= Bruce A. Block =

American film producer

Bruce A. Block (born November 1, 1966) is a film producer, author and visual consultant whose career spans over 30 years. In 2001, Block's book The Visual Story was published. In 2007 it went into a completely revised second edition. In 2020 a revised third edition was published by Routledge Press, an imprint of Taylor & Francis.

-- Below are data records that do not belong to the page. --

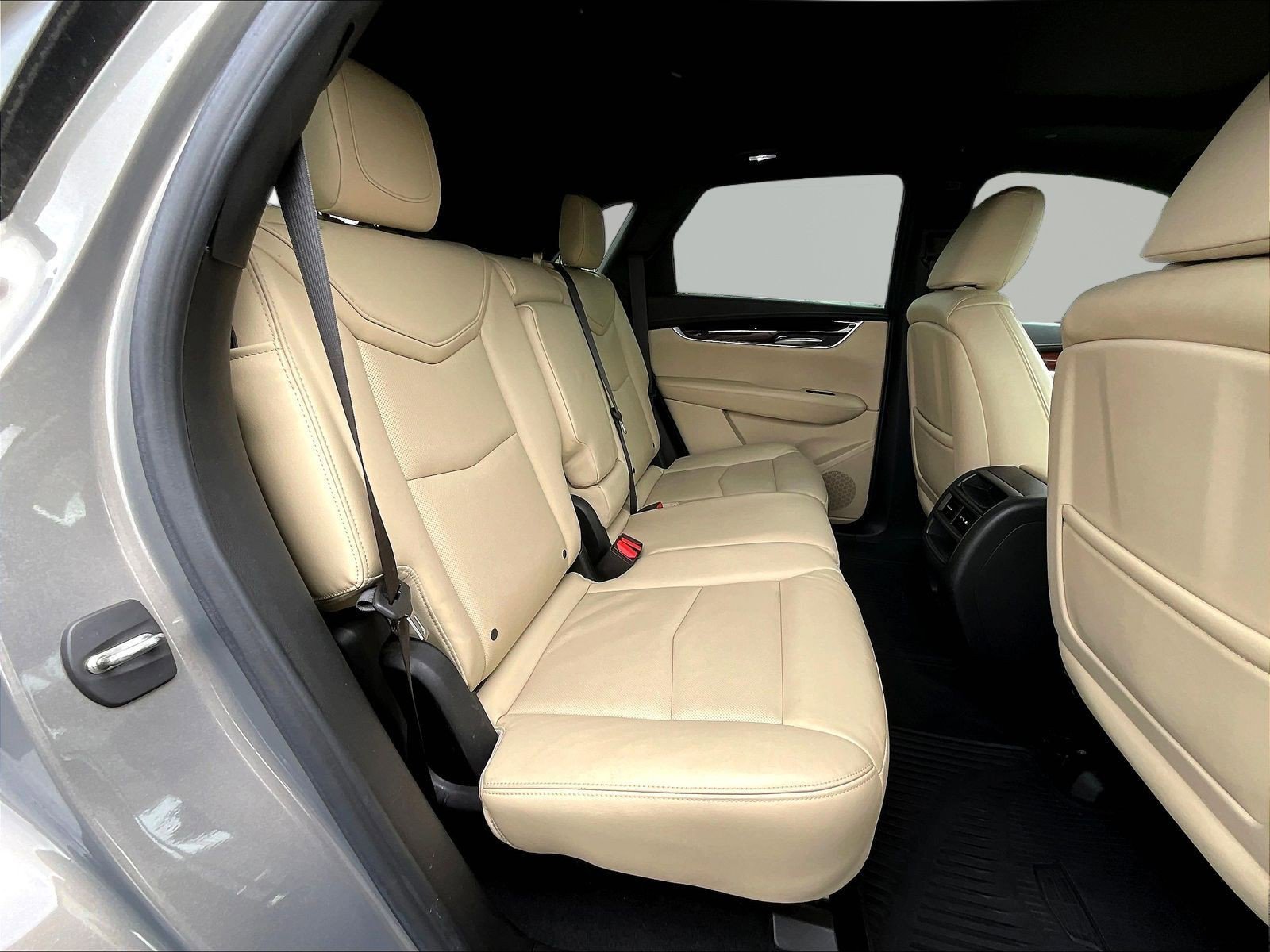 Used 2018 Cadillac XT5 Luxury w/ Driver Awareness Package FWD image 25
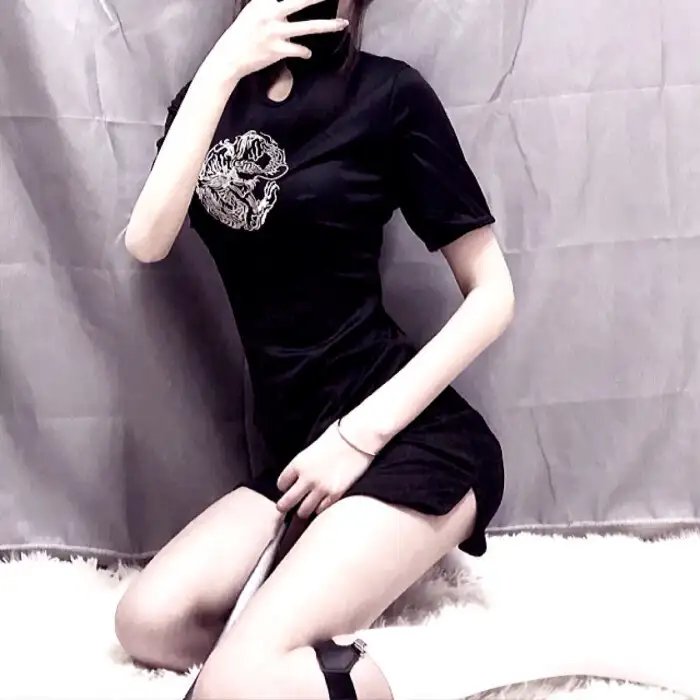 染成茜色的坂道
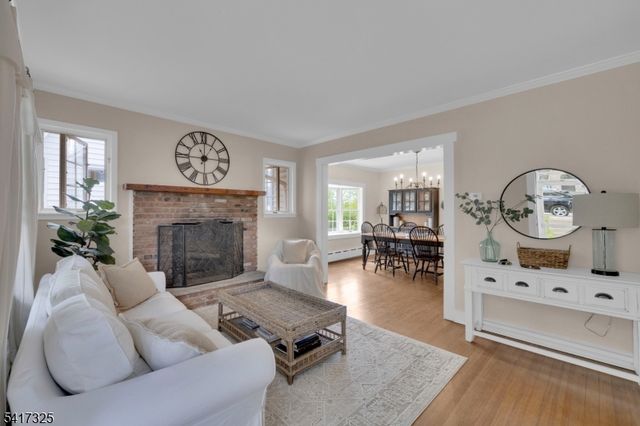 17 Lane Ave, West Caldwell Twp., NJ 07006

Block began work as a director of commercials, corporate films, and visual effects at Graphic Films Corporation in Hollywood, California. He became a film and visual consultant on such films as Irreconcilable Differences (1984) and Bachelor Party (1984). He has gone on to be a consultant for films such as Stuart Little (1999), As Good as It Gets (1997) and Spanglish (2004). As a film producer, Block has produced and co-produced the films Father of the Bride (1991), Father of the Bride II (1995), Disney's The Parent Trap (1998), What Women Want (2000), Something's Gotta Give (2003), and The Holiday (2006).

In 2007, Block was featured in an on-camera interview, discussing visual style, for the 40th Anniversary DVD release of the film The Graduate. Block's audio commentary as a film historian is also featured in the 2008 Collector's Edition DVD of the classic 1960 film The Apartment.

Block is a graduate of Carnegie-Mellon University with a degree in theatre directing. Block also received an MFA from USC's School of Cinematic Arts.
He is now a tenured professor at USC teaching classes in production and visual structure. Block holds the Sergei Eisenstein Endowded Chair in Cinematic Design.